Thing is, the banks need someone to do their dirty work. That’s not going to happen if doing that dirty work costs the dirty-work-doer time in prison.
From your mouth to God’s ears.
There is no immunity for crimes under the National Mortgage Settlement nor were homeowners’ claims included in the settlement. The National Mortgage Settlement covered only 5 of the fraud enterprises: Bank of America, Wells Fargo Bank (under which Deutsche Bank masquerades), Citi, Chase and GMAC/Ally (which put its subsidiaries into the RESCAP (GMAC) bankruptcy on May 14, 2012.) Furthermore, the settlement only covered the period up to its approval by the federal district court on April 4, 2012. These crimes are continuing to this day, but there never was a grant of immunity for crimes, even to the 5 major criminal organizations much less any of the other forgery/perjury foreclosure operations.

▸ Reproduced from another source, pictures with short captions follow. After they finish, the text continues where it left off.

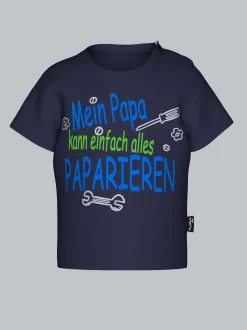 T-Shirt mit lustigem Spruch-Print Navy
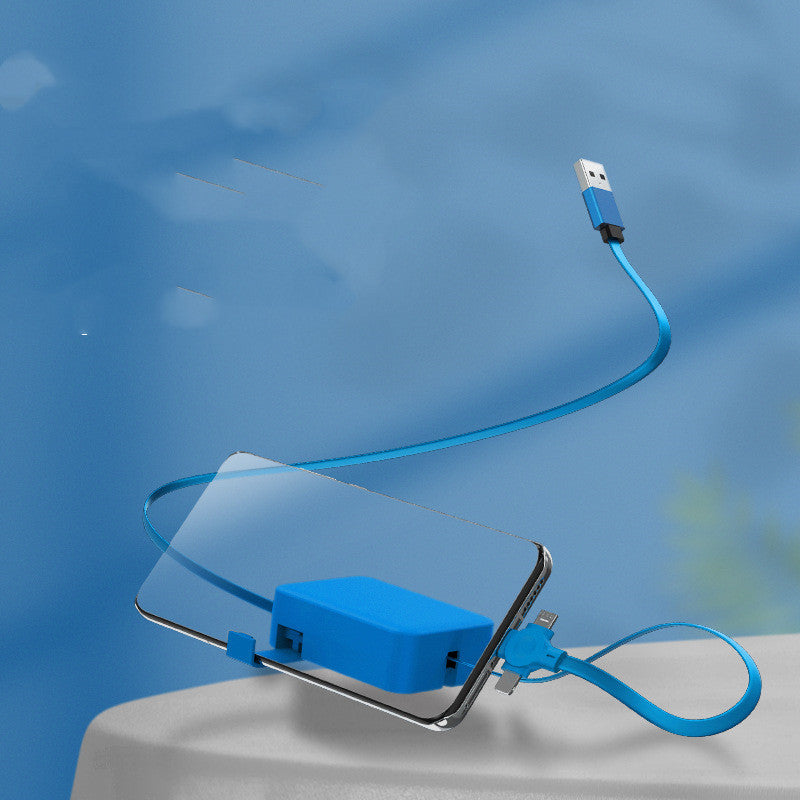 4-in-1 Retractable Charging Cable with Phone Stand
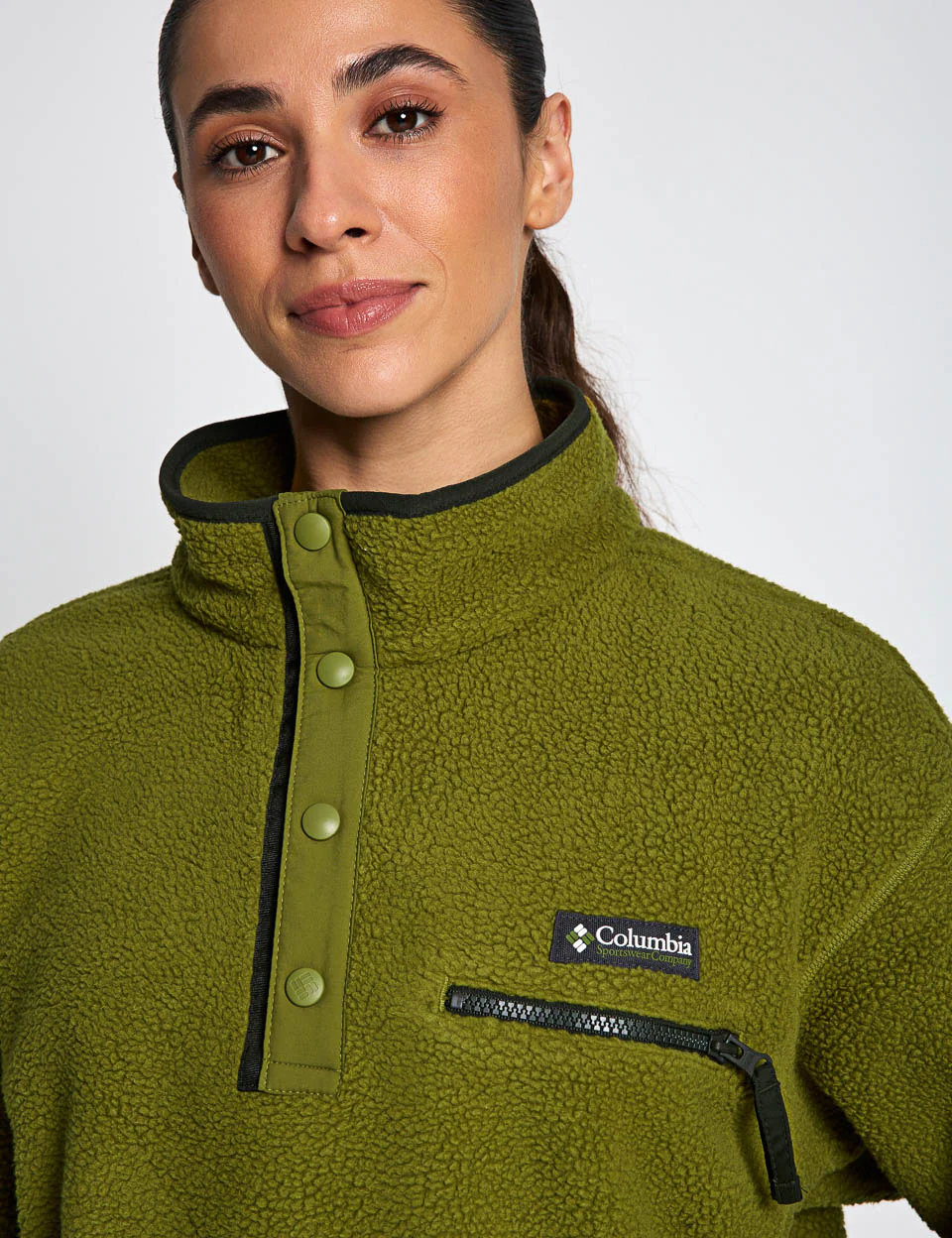 Helvetia II Cropped Sherpa Half Snap Fleece - Mossy Green - Image 3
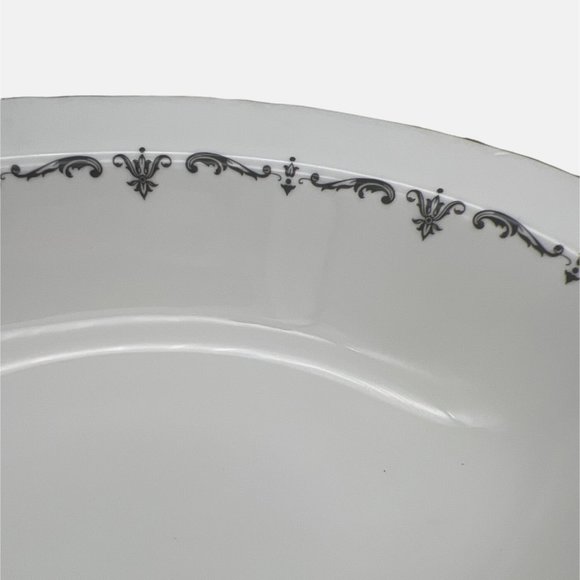 Royal Worcester Silver Chantilly Oval Vegetable Bowl Fine Bone China England - Picture 4 of 5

The servicers all use the DOCX business plan and are still busily forging mortgage assignments and endorsements of notes never transferred to REMIC trusts. Perhaps this conviction will lead to the judges being more cautious when forgery and perjury are alleged. Ms. Brown’s operating was identical to the practices of all the mortgage servicers claiming to act on behalf of the trustees of the nothing-backed securities.